### Task statement:
Copy out and return the lines from the one holding "小朋友把手放下去捡玩具,小朋友把手放玩具" to the end of the listing below, both included, omitting the pictures.

### Supplied data:
== Segment start ==

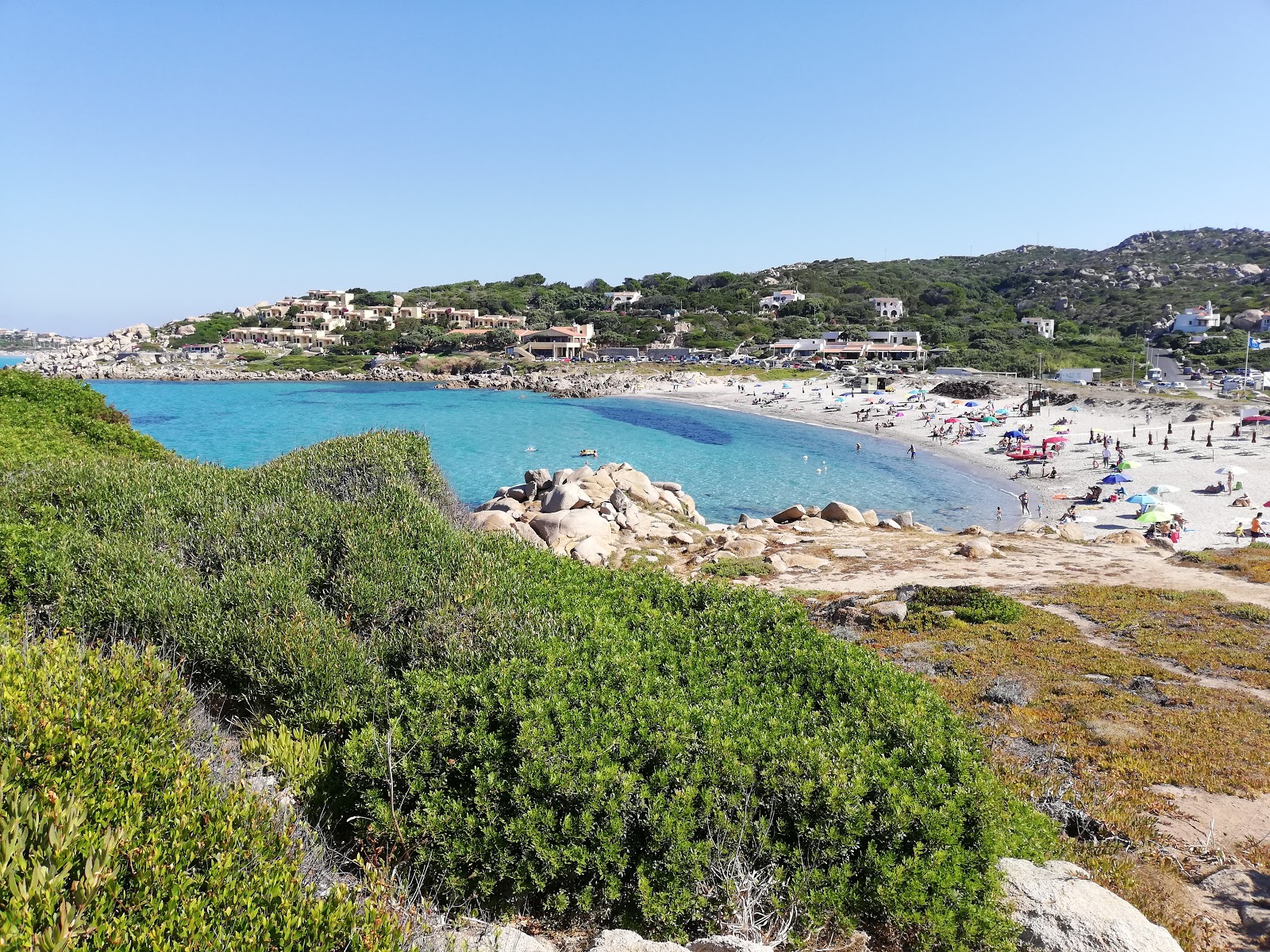 Φωτογραφία του Spiaggia Santa Reparata με καθαρό νερό επιφάνεια
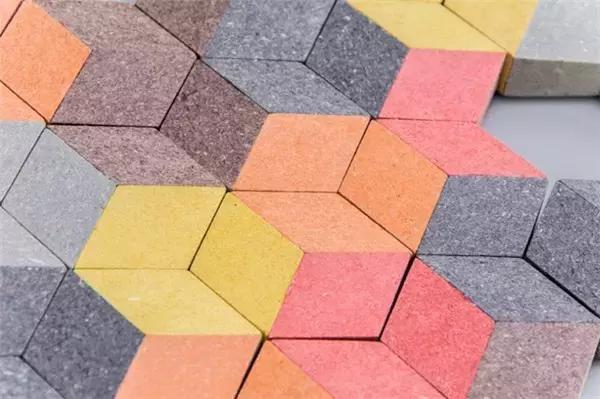 小朋友把手放下去捡玩具,小朋友把手放玩具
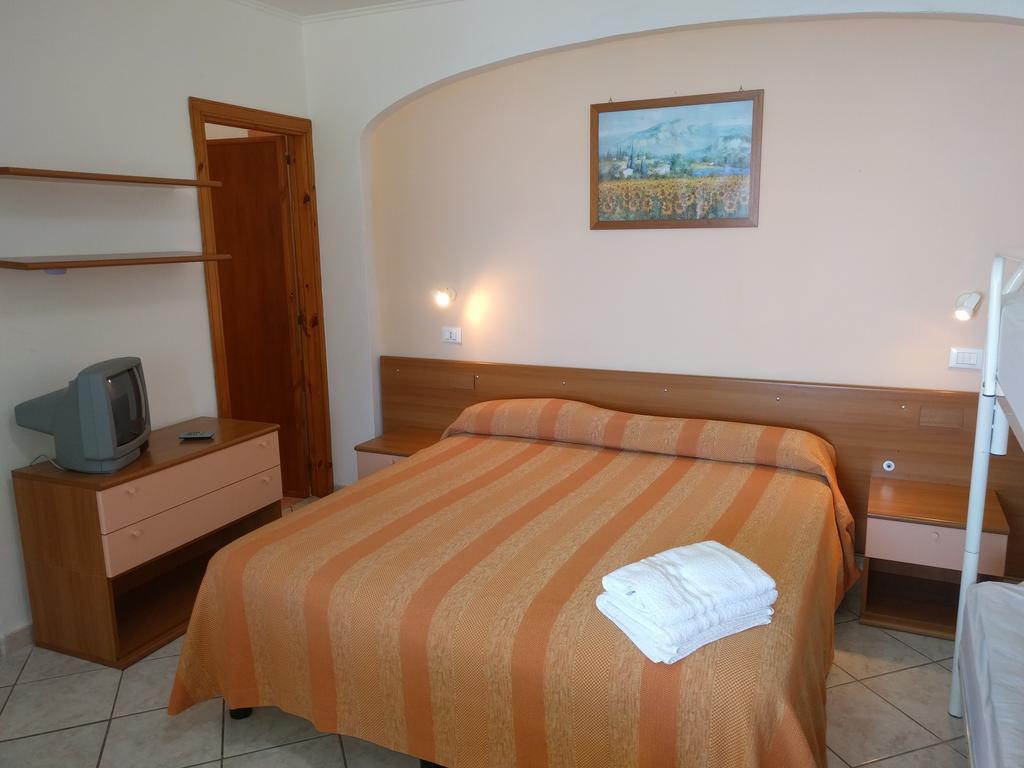 吉亚尔丁诺太阳住宅酒店 Forio di Ischia 外观 照片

== Segment end ==

### Answer area:
 小朋友把手放下去捡玩具,小朋友把手放玩具
 吉亚尔丁诺太阳住宅酒店 Forio di Ischia 外观 照片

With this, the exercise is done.